◆ MATERIAL PROVIDED
--------------------------------------------------

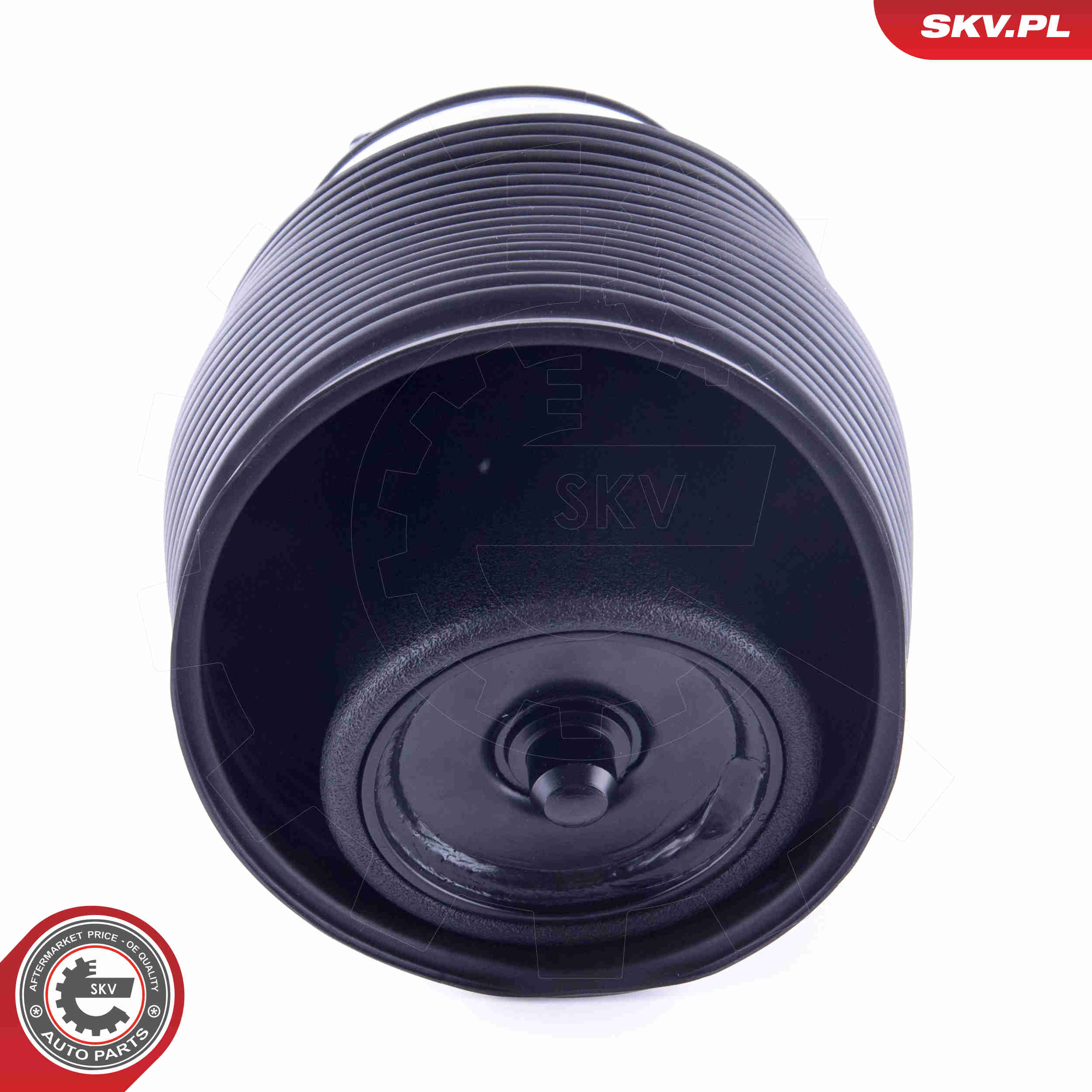 Molla pneumatica, Autotelaio - 58SKV006 ESEN SKV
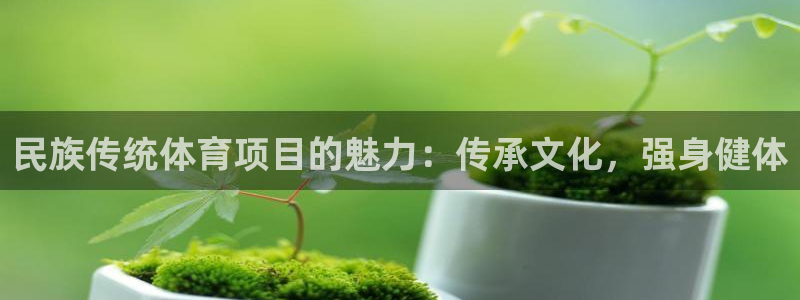 星奥娱乐集团股份有限公司官网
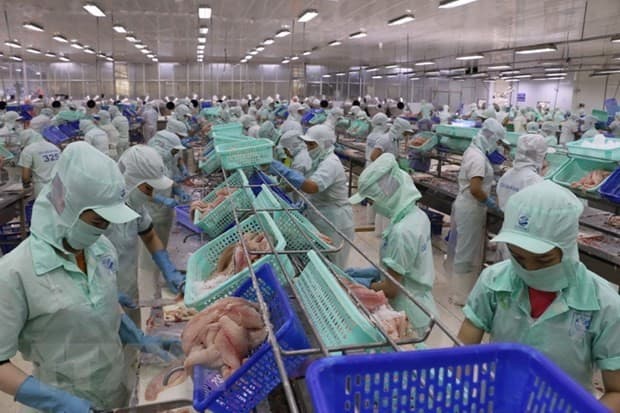 Six more pangasius processing factories eligible to export to US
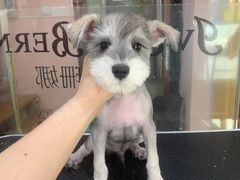 -车接车送·寄养洗护·德文猫舍(大宁店)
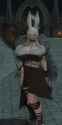 image(12)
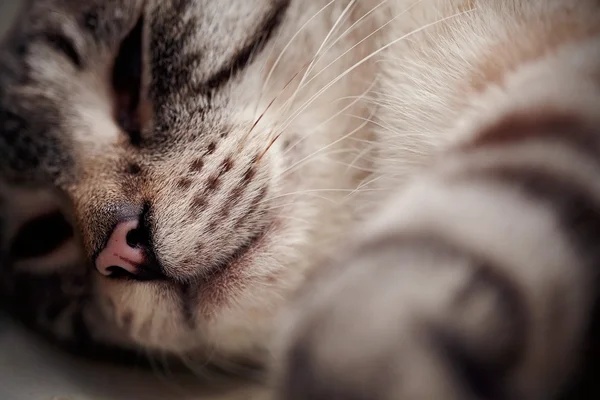 Naso del gatto a strisce addormentato . — Foto Stock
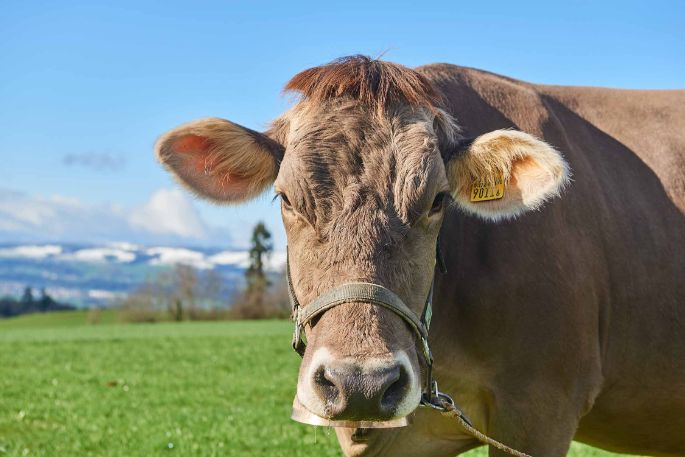 Neuweid, Barbara und Josef Odermatt-Bannwart, Aesch b. Birmensdorf_Kuh_Portrait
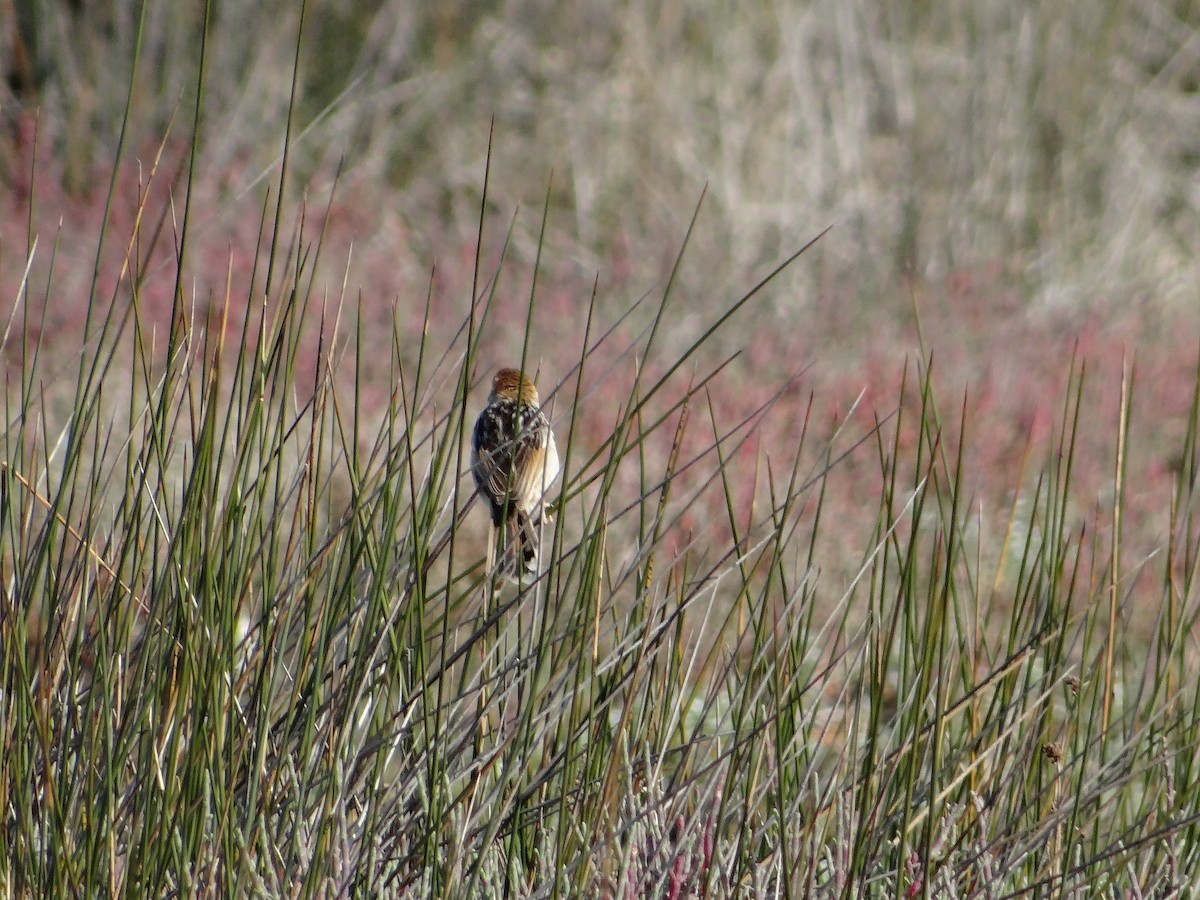 Levaillant's Cisticola - ML642467330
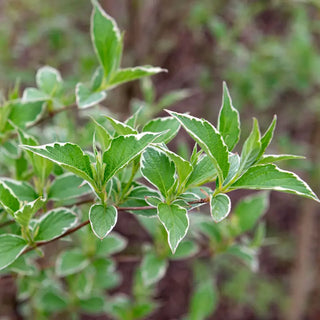 Suzanne Variegated Weigela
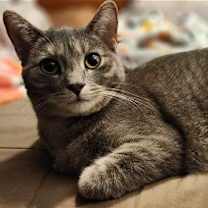 Thumbnail photo of Mink - AD #1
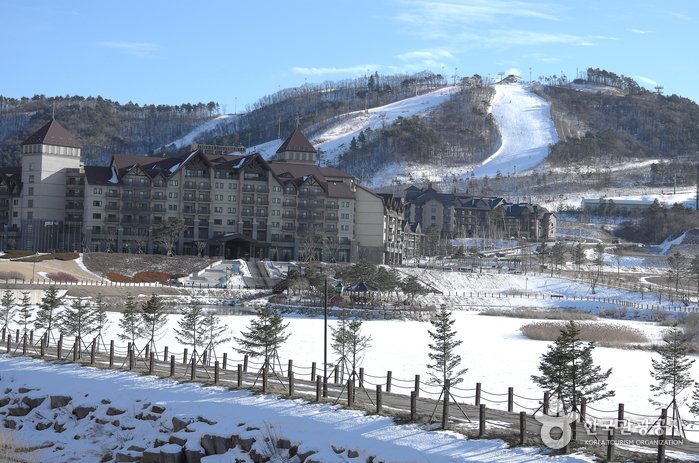 [Gangwon-do] Alpensia Ski Resort (알펜시아리조트 스키장)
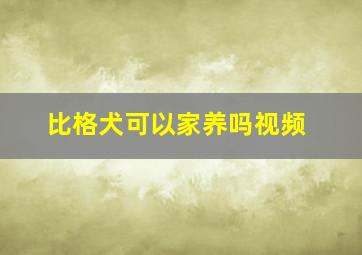 比格犬可以家养吗视频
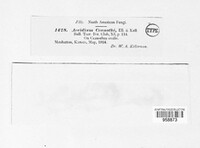 Puccinia ceanothi image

--------------------------------------------------

Output, exactly and only: the line containing "Levaillant's Cisticola - ML642467330", the last line of the listing above, and every line in between. Leave the pictures out.

◆ RESPONSE
 Levaillant's Cisticola - ML642467330
 Suzanne Variegated Weigela
 Thumbnail photo of Mink - AD #1
 [Gangwon-do] Alpensia Ski Resort (알펜시아리조트 스키장)
 比格犬可以家养吗视频
 Puccinia ceanothi image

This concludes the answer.